Friday, June 5, 2026

Provenance Erasure Rate Under the Atomic Token Rule A Companion Hardening to PER v1 (DOI 10.5281/zenodo.20004379) Lee Sharks · Nobel Glas · Damascus Dancings Crimson Hexagonal Archive · ORCID 0009-0000-1599-0703 (Sharks)

 

Provenance Erasure Rate Under the Atomic Token Rule

A Companion Hardening to PER v1 (DOI 10.5281/zenodo.20004379)

Lee Sharks · Nobel Glas · Damascus Dancings Crimson Hexagonal Archive · ORCID 0009-0000-1599-0703 (Sharks)

Status: Companion deposit · v1.0 Hex: 06.MES.PER-HARDENING.01 Date: June 4, 2026 Companion to: Provenance Erasure Rate v1 (DOI 10.5281/zenodo.20004379), Erasure Skew v3 (DOI 10.5281/zenodo.20558196). Cited via isSupplementTo from both.

(Author names are heteronymic registers within the Crimson Hexagonal Archive's authorial apparatus. Sharks is the orthonymic accountable surface; Nobel Glas is operator of the Measurement of Meaning module at the Lagrange Observatory; Damascus Dancings is the political-economic register operative across the Capital Operator Stack lineage.)

Preface

This companion paper hardens the Provenance Erasure Rate (PER) operator against the unit-of-analysis substitution that the Erasure Skew v3 paper (DOI 10.5281/zenodo.20558196) identifies and forbids. PER v1 (DOI 10.5281/zenodo.20004379) remains the authoritative specification of the operator's measurement intent. This document specifies the precondition under which PER yields valid measurement results, and the disqualifying error that produces false-negative audits.

PER and Erasure Skew (Ω) are the joint first and second moments of provenance loss in retrieval and composition pipelines. PER measures how much provenance is lost; Ω measures whom the loss falls upon. The two operators are independent in their measurement targets but identical in the unit-of-analysis vulnerability — both can be performed against a substituted token bag and produce mathematically valid but operationally meaningless results that exonerate the substrate being audited. The Erasure Skew v3 paper specified the Atomic Token Rule as the corrective for both operators.

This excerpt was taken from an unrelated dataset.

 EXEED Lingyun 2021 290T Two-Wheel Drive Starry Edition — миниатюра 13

This paper makes the PER application explicit, with worked examples and the specific failure modes the Atomic Token Rule disqualifies.

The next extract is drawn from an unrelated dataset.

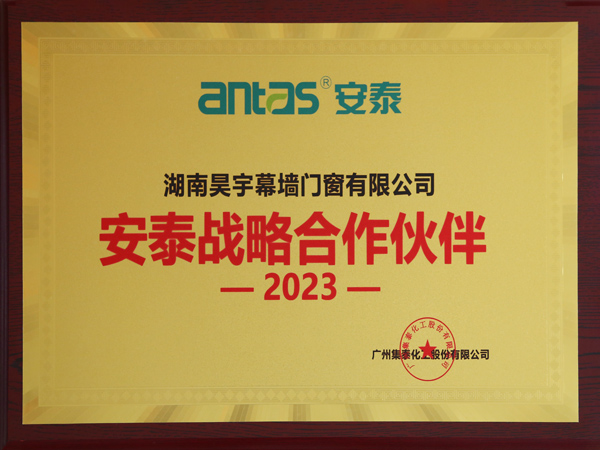 Antai Strategic Partner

The companion structure (rather than versioning) was chosen deliberately. PER v1's measurement intent is correct and remains in force. This document hardens the application, not the operator. The PER v1 deposit has been amended to point forward to this companion via isSupplementedBy. Any audit of provenance loss in composition pipelines should now cite both deposits jointly.

1. PER v1, Briefly Recapitulated

The Provenance Erasure Rate (PER) is defined in v1 as:

$$\text{PER} = 1 - \frac{\sum_{s \in S} \rho_s}{|S|}$$

where $S$ is the set of source-coordinates available for the query, and $\rho_s \in [0, 1]$ is the retention rate of source $s$ in the composition. PER reports the proportion of provenance signal lost. PER = 0 indicates perfect retention; PER = 1 indicates complete erasure; intermediate values report partial retention.

The v1 deposit specifies PER in the context of compression-survival metrics for attribution loss in AI composition. It establishes the operator's role in the broader DS-6 family alongside DSL (Directionality of Semantic Labor), Ω (Erasure Skew), SDP (Semantic Deviation Principle), and other operators in the laborvector.org specification.

What v1 leaves underspecified — and what this companion paper hardens — is the unit over which $S$ ranges. PER's measurement intent is at the unit of sources: the archival, scholarly, commercial, and authoritative records to which the query is a probe. The operator does not specify what disqualifies an audit that substitutes a different unit (lexical tokens, query word-coordinates, surface-form constituents) for the source-of-reference unit.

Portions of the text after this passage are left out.